▶ TASK REQUIREMENTS
Everything in the data below except the pictures must be repeated word for word.
*** DATASET SECTION ***
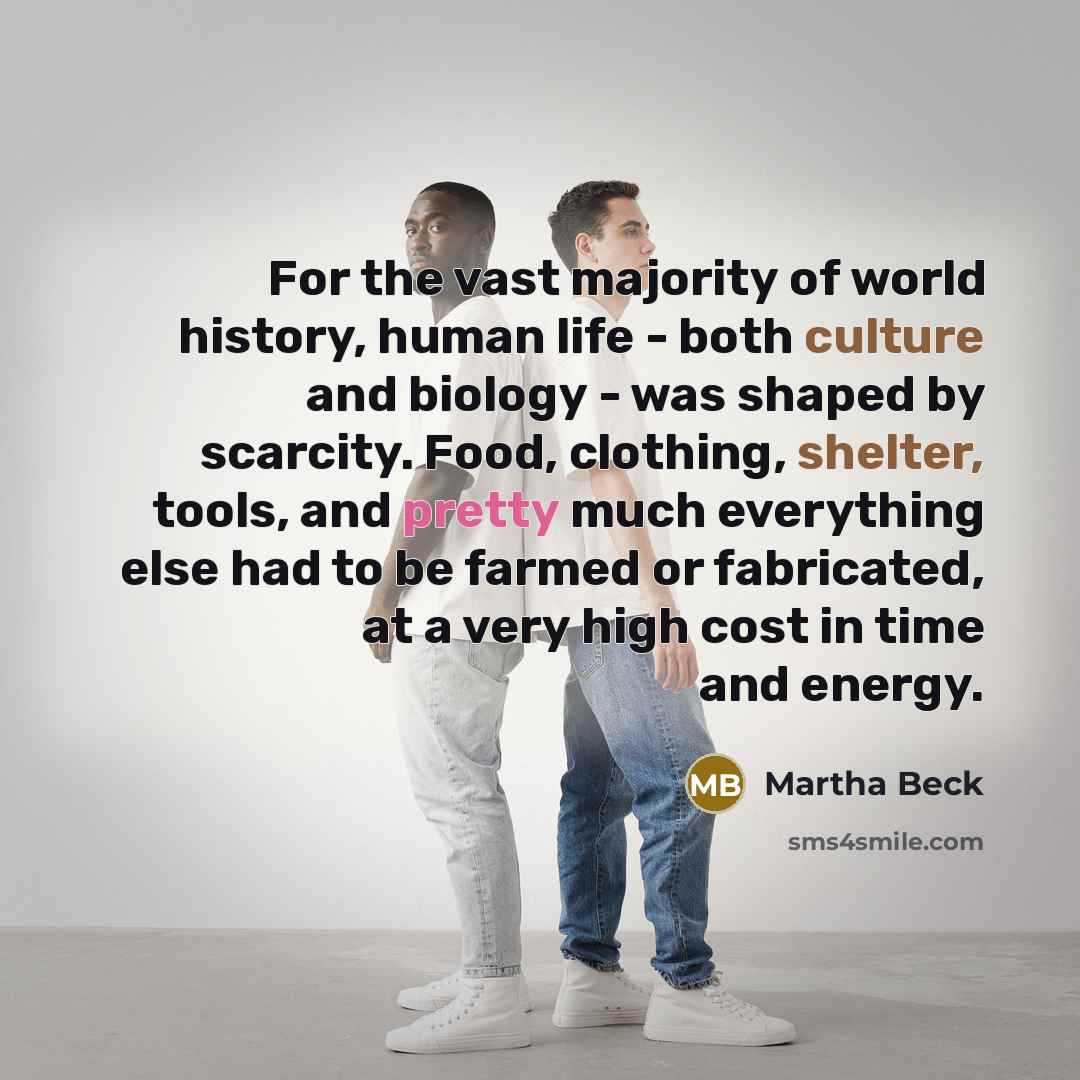 “For the vast majority of world history, human life -…” quote by Martha Beck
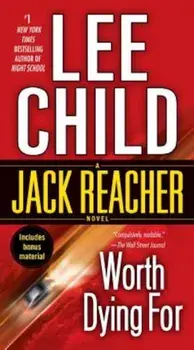 Worth Dying for, Paperback/Lee Child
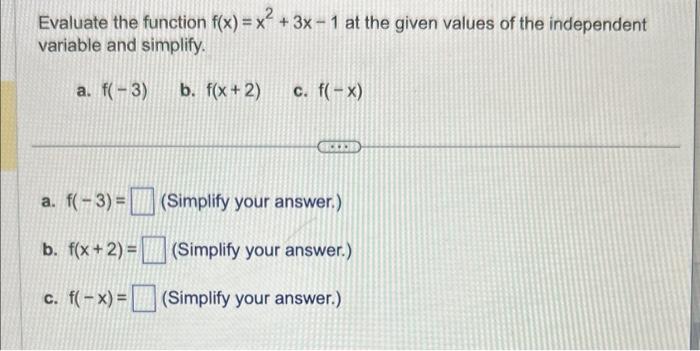 Solved Evaluate The Function F X X 2 3x 1 At The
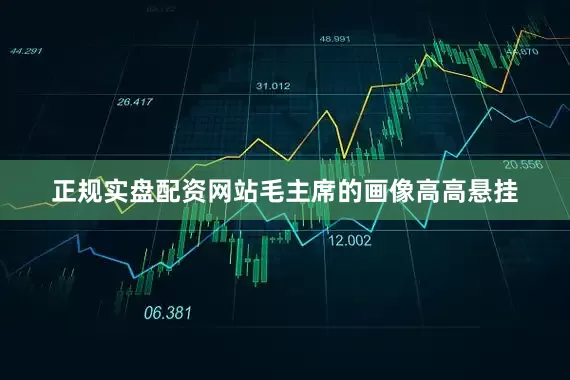正规实盘配资网站毛主席的画像高高悬挂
*** End of DATASET SECTION ***
▶ SOLUTION
 “For the vast majority of world history, human life -…” quote by Martha Beck
 Worth Dying for, Paperback/Lee Child
 Solved Evaluate The Function F X X 2 3x 1 At The
正规实盘配资网站毛主席的画像高高悬挂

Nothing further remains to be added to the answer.